If the events of those early years caused some reservations to spike in the mind of Vic, then what followed cemented them and drove a firm wedge between the two former friends. As such, I figure the second act is best summed as the loss of Vic. This section focuses on the affairs of two men, the first being McDonald (Charles Evans), a financier who gambles on the rising Vendig and backs him to the hilt only to see himself abandoned and doomed when he is no longer of use. Then there is Mansfield (Sydney Greenstreet), the rival tycoon with both  a business empire and a ripe young wife to capture the attention of of the insatiable Vendig. What we witness is the death of McDonald and the robbery and ruin of Mansfield, Vic witnesses it too and is sickened. Vendig’s covetousness is consuming him, driving and motivating him to reach ever further, but even his wanting lacks soul. The most appalling part of the man’s character is in fact the absence of character, his essential unawareness of true value. The truth is that whenever he attains that for which he has been grasping and scheming he no longer desires or values it. This is the case with people, financial assets and material possessions alike. Vendig’s wanting is simply an illusion in that it only exists as a result of what others have. His is ambition, lust and craving without a basis, the hollow yearning of a man who exists merely as a shell. Could such a bleak vision of the human soul not be said to represent the very essence of film noir?
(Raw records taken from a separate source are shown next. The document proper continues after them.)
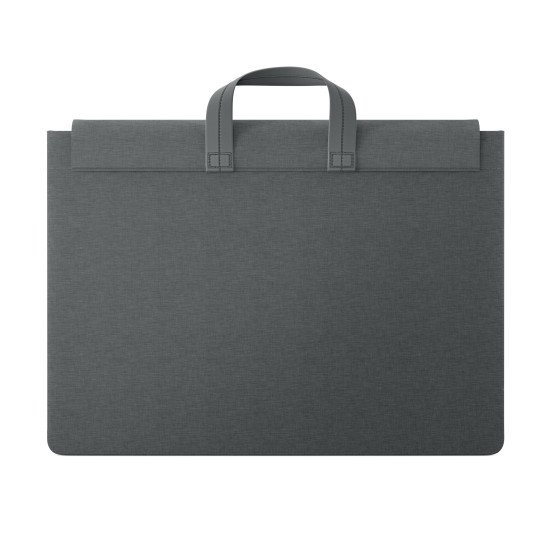 Lenovo Accessories Yoga Tote Sleeve (16 Grey) 40,6 cm (16") Housse Gris
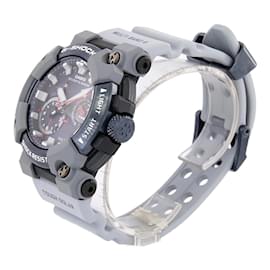 Autre Marque-Casio G-SHOCK Frogman Royal Navy Radio-controlled Watch-Other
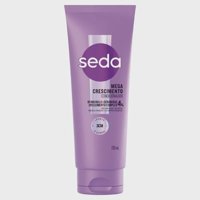 Condicionador Seda 250ml Mega Crescimento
On to the last act then, wherein we can observe the loss of illusion, and the liberation which flows from it. This is where everyone gets to see themselves and those around them as they really are, the point at which the gloves are torn off decisively. And it is the point where the sense of loss that I feel pervades the entire movie shows itself as potentially positive. From the earliest moments we’ve been guided along by Vic and have seen him as a man who needs to shake off the all the disappointment of a past overshadowed by his connections to Vendig. Here he achieves the release he so badly needs, partly pushed along by fate, partly as a result of his own determination to see matters through to the bitter end, and partly via the steadfastness and quiet self-confidence of Mallory. In the end he loses that aura of distaste and disgust which has pursued him and threatened to infect him with misplaced guilt.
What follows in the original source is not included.